An activist group in Russia is claiming that four people were arrested in St. Petersburg Friday as they tried to hang a banner protesting about the country's strict gay rights laws from one of the city's bridges.
Police swooped in as they got out of a car holding the banner reading: “Discrimination is incompatible with Olympic movement. Principle #6. Olympic Charter,” said Maria Kozlovskaya, a program manager at the Russian Lesbian, Gay, Bisexual and Transgender (LGBT) network. They will likely face court tomorrow, she added.
Friday's arrests follow the detention of four more activists in the city on Wednesday after they unfurled banners comparing the Sochi Winter Olympics with the 1936 games in Nazi Germany, according to local media reports.

They had intended to hold up large pink triangles emblazoned with the words: “Berlin 1936 = Sochi 2014” at two of the cities subway stations, but after being stopped by police they held a brief demonstration at the city’s Olympic countdown clock, according to the MR7 news website.
The pink triangle was intended to mimic the patches that homosexuals had to wear in Nazi concentration camps, the group said on their Facebook page.
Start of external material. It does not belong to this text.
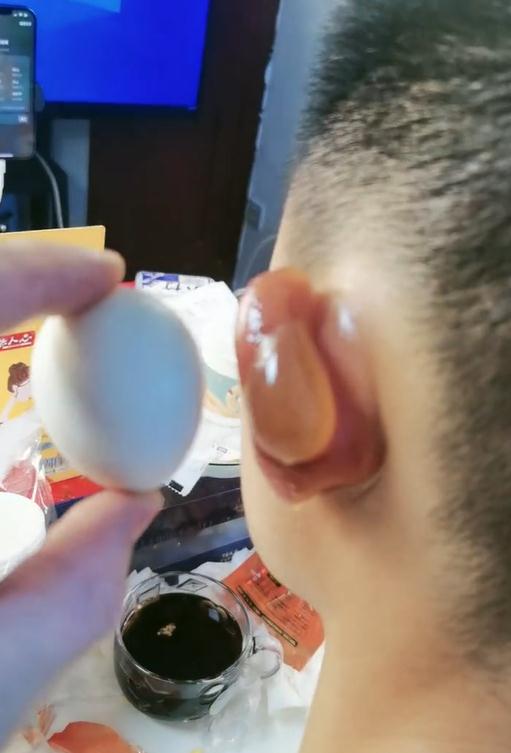 警惕!小伙户外游玩两小时,耳朵被冻化脓!这些防冻知识赶紧学 警惕!小伙户外游玩两小时,耳朵被冻化脓!这些防冻知识赶紧学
Russia passed laws last year criminalizing the promotion of gay "propaganda" to minors and restricting gay adoption. Human rights organizations have described a pattern of oppression of Russian gays and lesbians, including videotaped beatings.
NBC News analyst and former Russia expert in the Clinton White House, Andrew Weiss said that these arrests were consistent with how Russia has responded in the past.
Police had not responded to repeated calls at the time of writing.